§ Web page caption snippets

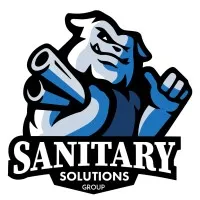 Sanitary Solutions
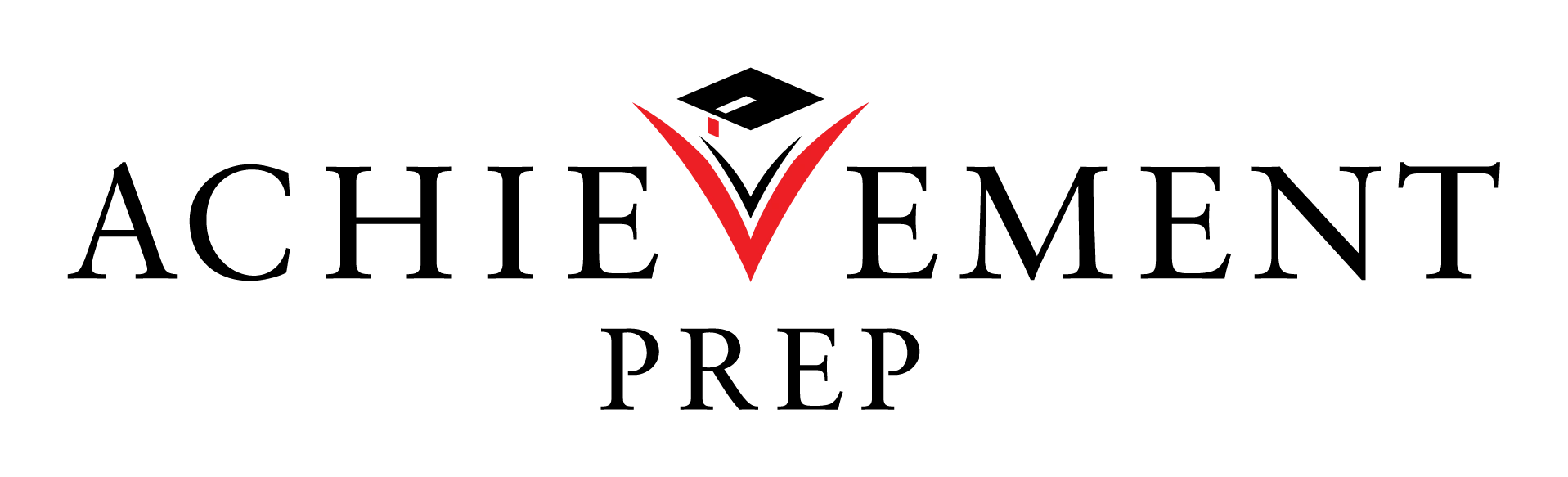 Achievement Prep Public Charter Schools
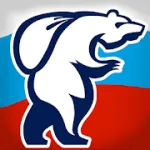 Скачать мод Демократия [мод: много денег] на Андроид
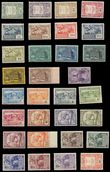 102922 / 2443 - Philately / Europe / Portugal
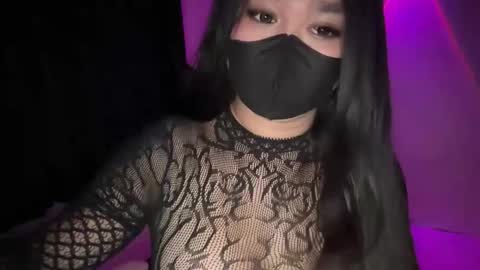 Athena online show from January 2026 06:21:02 PM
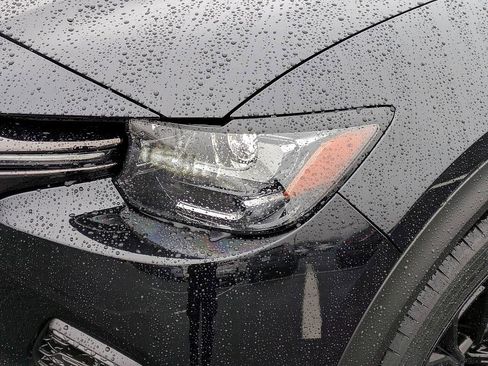 New 2026 MAZDA CX-70 3.3 Turbo w/ Preferred Package image 9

§ Task details
Lines from the one with "Achievement Prep Public Charter Schools" through the final line of the records are the whole answer; print them exactly, minus any pictures.

§ Answer
 Achievement Prep Public Charter Schools
 Скачать мод Демократия [мод: много денег] на Андроид
 102922 / 2443 - Philately / Europe / Portugal
 Athena online show from January 2026 06:21:02 PM
 New 2026 MAZDA CX-70 3.3 Turbo w/ Preferred Package image 9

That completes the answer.